„Migrationshintergrund“ und „Integration“
Sprache prägt unsere Wahrnehmung. Sie spiegelt nicht nur gesellschaftliche Realitäten, sondern produziert sie auch aktiv mit. Begriffe wie „Migrationshintergrund“ und „Integration“ sind in öffentlichen Debatten, in der Medienberichterstattung und in der Praxisarbeit allgegenwärtig. Doch was sagen diese Wörter wirklich aus – und was bleibt dabei unsichtbar? Eine kritische Analyse zeigt: Diese Begriffe sind keineswegs neutral. Sie sind historisch gewachsen, gesellschaftlich aufgeladen und nicht selten Ausdruck struktureller Machtverhältnisse.

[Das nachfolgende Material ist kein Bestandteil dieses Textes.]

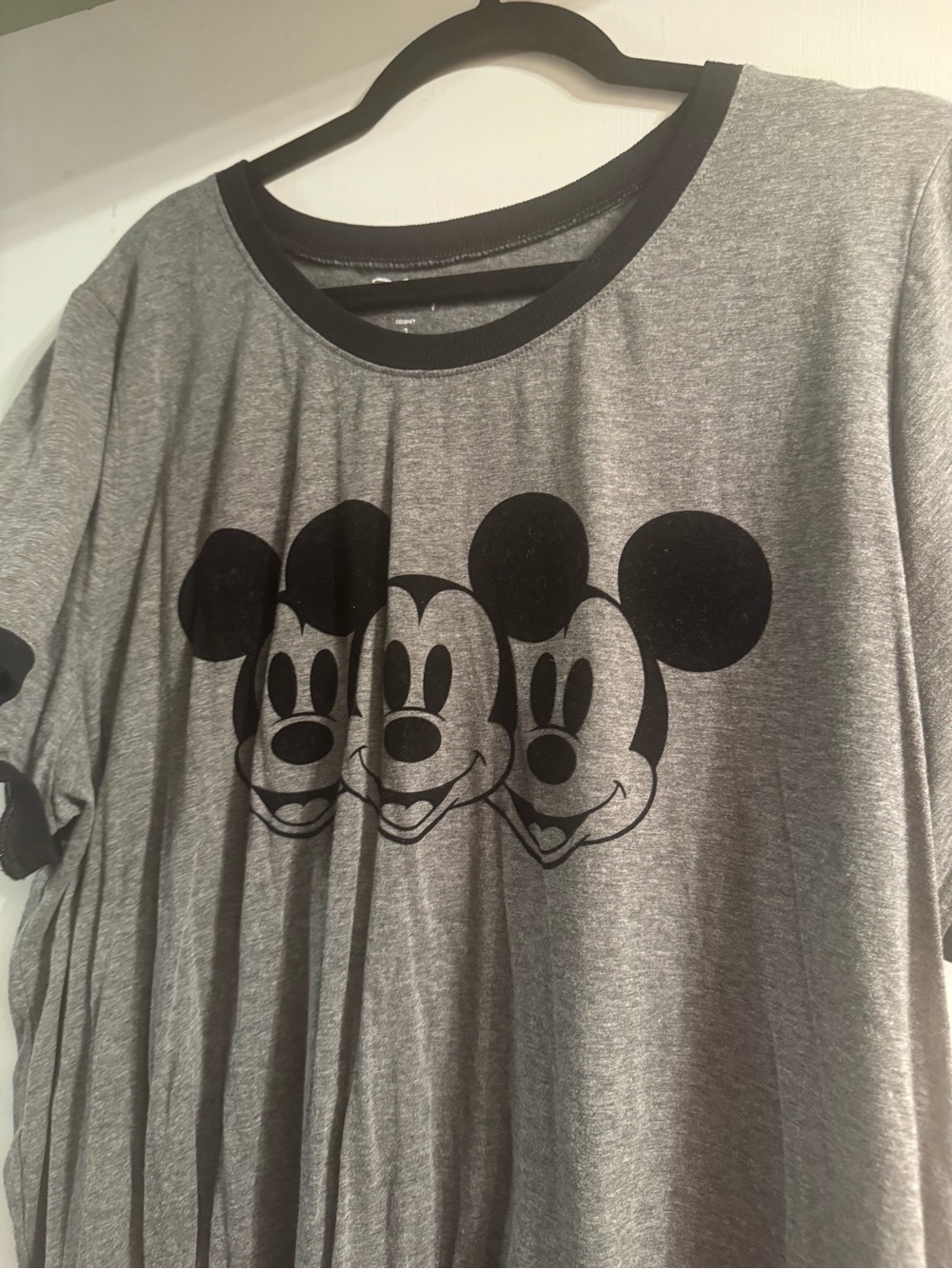 torrid Gray Short Sleeve Tee with Black Triple Mickey Graphic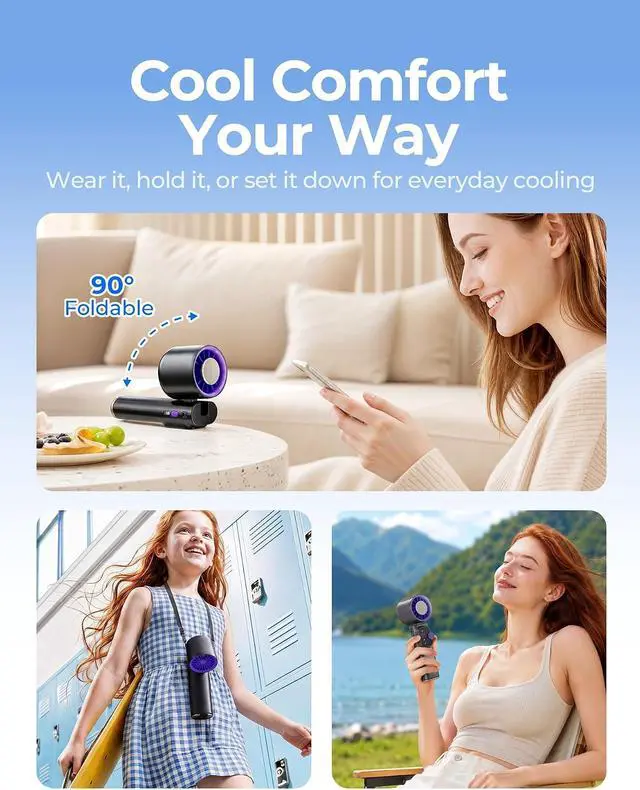 Alt view image 3 of 7 - Portable Handheld Turbo Fan With Semiconductor Cooling 60.8°F, 15000RPM Personal Turbo Fans Rechargeable, 1-199 Speeds, 4000mAh Travel Desk Neck Fan, LED Display (Grey Purple)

„Migrationshintergrund“ – ein statistischer Sammelbegriff mit ausgrenzender Wirkung
Ursprünglich wurde der Begriff „Migrationshintergrund“ vom Statistischen Bundesamt eingeführt, um Personen zu erfassen, die selbst oder deren Eltern nach Deutschland eingewandert sind. Damit sollte die Realität einer vielfältigen Gesellschaft sichtbar gemacht werden. Doch tatsächlich ist Gegenteiliges der Fall: in der Alltagsverwendung wirkt das Wort oft stigmatisierend. Unter dem Begriff „Migrationshintergrund“ vereinen sich extrem unterschiedliche Lebensrealitäten. Was haben eine aus Eritrea geflohene Person, die gezwungen war, ihre Heimat zu verlassen, und eine Person, deren Eltern sich entschieden haben, von Spanien nach Deutschland zu ziehen, gemeinsam? Vielleicht sehr viel – vielleicht auch kaum etwas. Dennoch subsumiert dieser Begriff beide Personen und spricht ihnen von außen Gemeinsamkeiten zu, ohne dass sie selbst für sich sprechen können.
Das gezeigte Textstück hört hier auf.